Rank-based scores and tied values

0

Many nonparametric statistical methods use the ranks of observations to compute distribution-free statistics. In SAS, two procedures that use ranks are PROC NPAR1WAY and PROC CORR. Whereas the SPEARMAN option in PROC CORR (which computes rank correlation) uses only the "raw" tied ranks, PROC NPAR1WAY uses transformations of the ranks, called scores, to compute rank-based analysis of variance (ANOVA), empirical distribution tests, and other analyses. This article shows two things:

  • How to generate normally distributed scores that have the same (rank) correlation as the original data.
  • How these scores are computed if there are tied values in the data.
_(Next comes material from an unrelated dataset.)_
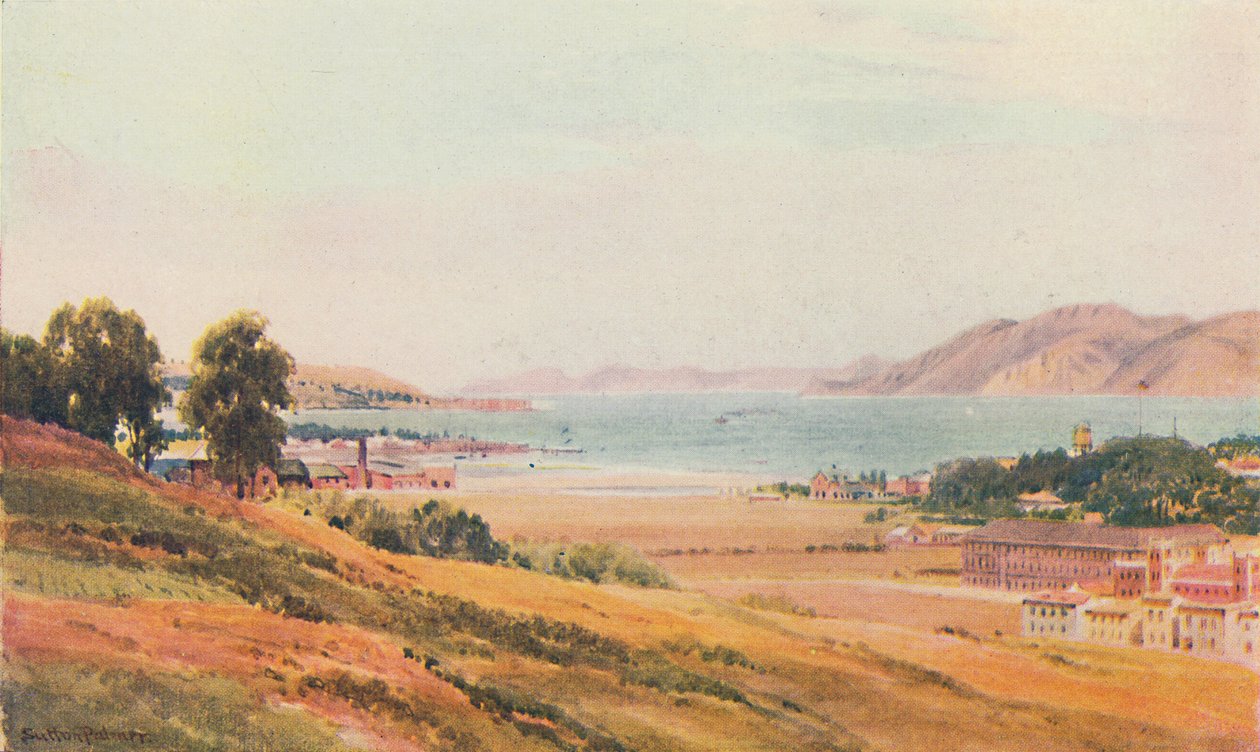 The Golden Gate by Harold Sutton Palmer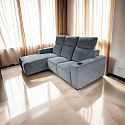 4-х местный диван-реклайнер 7Seats Gravity Sofa Edition (ткань)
What is a "score" in statistics?

Statisticians like the word "score." As a verb, "to score" means to evaluate a regression model on one or more observations. As a noun, "raw score" means the original data. "Standardized score" (or z-score) implies that the data have been transformed according to a standardizing transformation. The "rank score" (or Wilcoxon score) is the result of replacing each observation by its rank. Other types of rank-based scores, often called normal scores, are explained in the documentation for PROC NPAR1WAY, including the Blom, Tukey, and van der Waerden scores.

Ranks and normal scores

You can use the NORMAL= option in PROC RANK to obtain three common rank-based normal scores. The three scores are essentially the same and are can be used to construct normal Q-Q plots. Assume that the data do not have any duplicate values. Let Ri be the rank of the i_th observation of a data vector, X. Then the normal scores have the form
si = Φ-1( (Ri−c) / (n+b) )
where Φ-1 is the inverse standard cumulative normal distribution, and n is the number of nonmissing observations.

  • For Blom's score, c=3/8 and b=1/4
  • For Tukey's score, c=1/3 and b=1/3
  • For van der Waerden's score, c=0 and b=1

If the data have duplicate values, you need to adjust the formulas slightly, as shown in the last section of this article.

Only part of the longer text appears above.